### WHAT IS EXPECTED
In the listing below, find the line with "I'm always amazed" and copy every line from there up to and including the line with "What's up, MonkeyTang", exactly and without pictures.

### INPUT
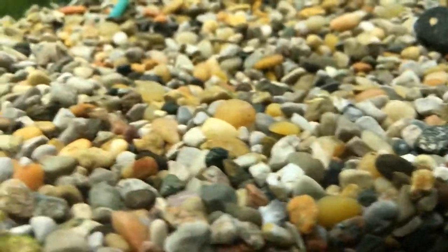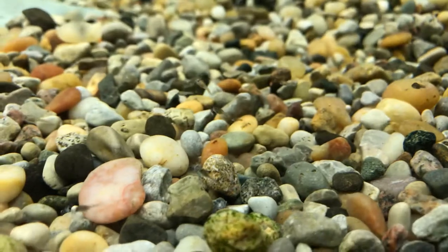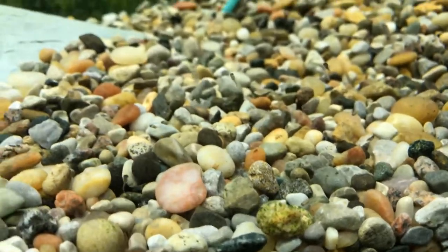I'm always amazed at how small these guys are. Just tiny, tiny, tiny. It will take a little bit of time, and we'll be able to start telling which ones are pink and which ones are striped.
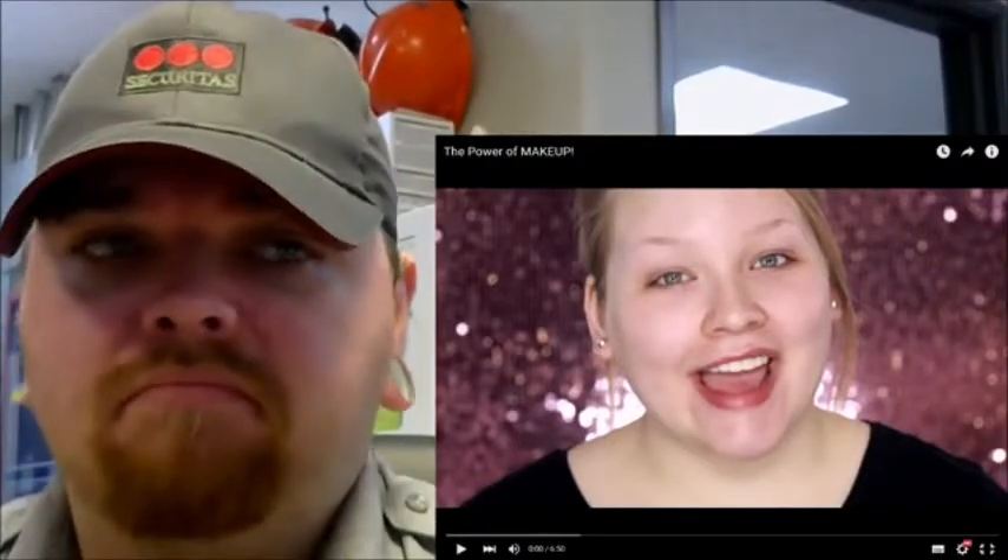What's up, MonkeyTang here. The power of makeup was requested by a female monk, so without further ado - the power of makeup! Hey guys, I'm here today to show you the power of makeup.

==

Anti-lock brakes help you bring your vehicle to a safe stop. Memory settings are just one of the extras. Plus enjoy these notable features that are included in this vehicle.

### RESPONSE AREA
I'm always amazed at how small these guys are. Just tiny, tiny, tiny. It will take a little bit of time, and we'll be able to start telling which ones are pink and which ones are striped.
What's up, MonkeyTang here. The power of makeup was requested by a female monk, so without further ado - the power of makeup! Hey guys, I'm here today to show you the power of makeup.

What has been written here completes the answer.